Downsizing out of the box

MANILA, Philippines - I was walking along the parking lot of a mall in Makati when I came across two unlikely cars: a gleaming 1976 Colt Lancer L-Type and an equally pristine 1979 Ford Escort parked right across each other. There being no old school car show or car club meet ongoing at that mall, I chalked it up to coincidence that two well-kept compact sedans from the ‘70s would find themselves parked near each other at the exact same moment. 

Then it hit me. Compact. The Escort and Lancer L-Type were the iconic compact sedans of their time. But parked among a sea of late-model Civics, Altises, and Elantras—likewise compact sedans—I was struck by the vast difference in sizes between the cars of two different eras.
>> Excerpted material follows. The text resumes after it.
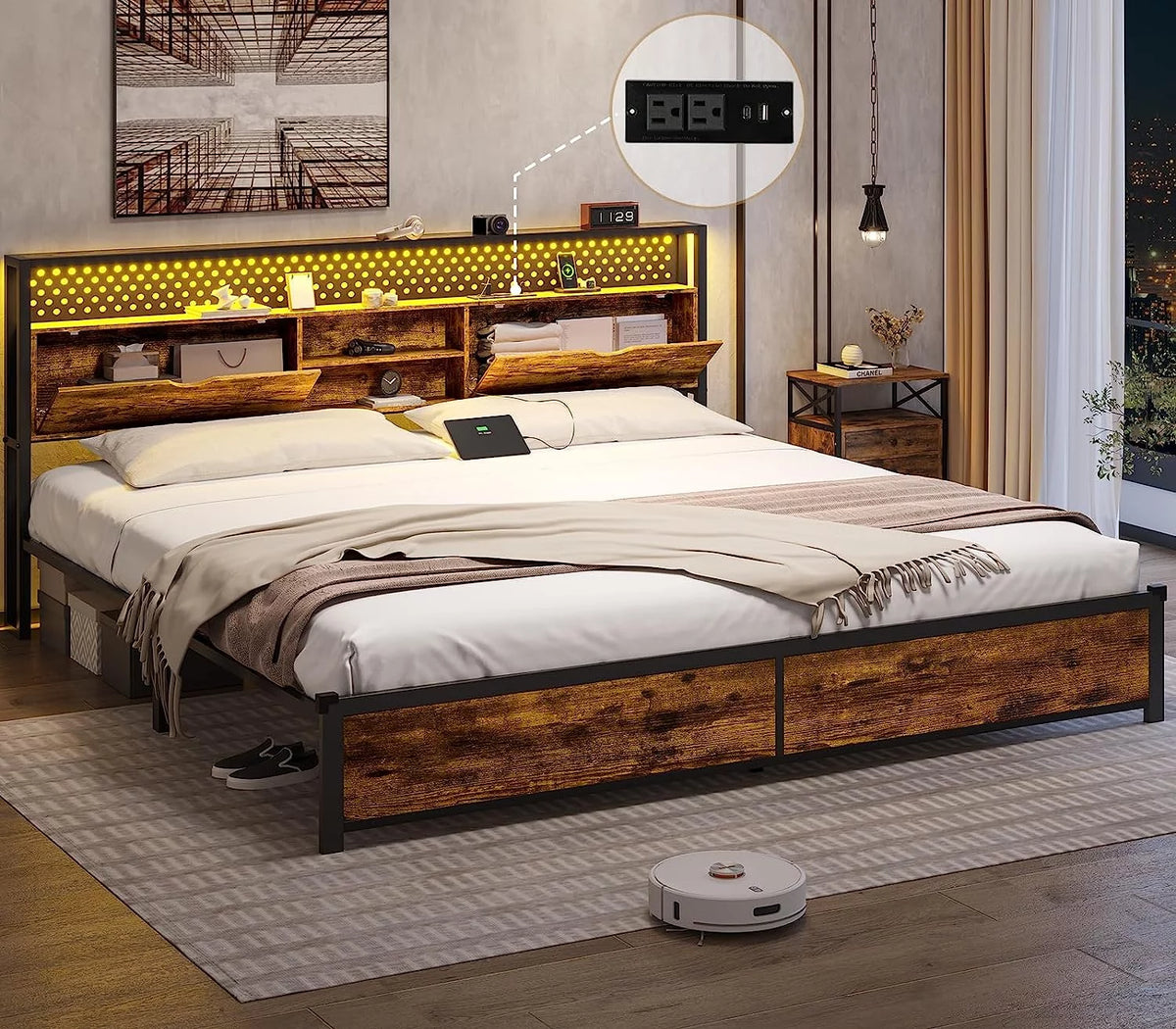 Queen Bed Frame with Storage Drawers, LED, USB Charging Station, Brown K8943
The Escort and L-Type were dwarfed by their contemporary brethren. The L-Type, in particular, seemed tiny--seemingly smaller and narrower than even a current Ford Fiesta, which is now classified as a subcompact car.

What happened? Did we, as human occupants of these cars, double in size? I’d like to think not. But even if obesity is more a concern now than three decades ago, it’s more due to better public awareness than the fact that the population is growing in width. Well, at least not as fast as our cars are growing and gaining weight.

Thirty years ago a car like a Corolla or a Lancer would weigh 1,800 to 2,000 pounds. Today they’d weigh at least 2,200 pounds and can tip the scales to as much as 2,600 or even 2,700 pounds. That’s almost a ton and a half. Surely we did not grow that much, percentage-wise.   

But why and how did our cars grow? The answer is easy: because we keep asking for more. More space. More features. More power. More safety. These add weight. And these demand volume. Ergo, bigger and heavier cars.

Which made me long for the good old days. What if…

What if a car company made a car that’s about as small as the ones we had in the ‘70s?

What would happen if say, Mitsubishi made a new Lancer that’s as small as the original? Or what if Toyota came out with a 2015 RAV 4 that’s a diminutive as the pioneering 1996 RAV 4? Hard to imagine that happening, right?

  But it did. And it really doesn’t take much effort to discover when and where it happened. Because that very car is in showrooms now and you can actually go out and buy one.

I’m talking about the Ford EcoSport. When it made its global debut, it sent just about every other car company back to the drawing boards. Here is a car that looks every bit like a bonafide SUV but costs as little as P775,000. Brand new. That’s a winner in anybody’s book.   

Just when the so-called compact SUVs were retailing for upwards of a million apiece, Ford comes out and hits one out of the park with a one-size-smaller sport-cute that’ll leave a cool quarter-of-a-million bucks in your pocket when you buy one.

Sure it’s smaller than the competition. But I’ll be darned if people don’t line up for a P775,000 RAV 4 if Toyota comes out with a new one that’s the same size as the original. Today, a brand new RAV 4 will set you back a heady P1.3 million to as much as a head-spinning P1.9 million. You do the math. Actually you don’t even have to do the math.   

It’s the upsize mentality that’s making us pay, literally and figuratively. Upsized fries and drinks. Upsized television screens. Upsized smartphones. Do we really need them and the hit they take on our waistlines, our wallets, and our pockets (have you slipped a phablet in your pocket lately?).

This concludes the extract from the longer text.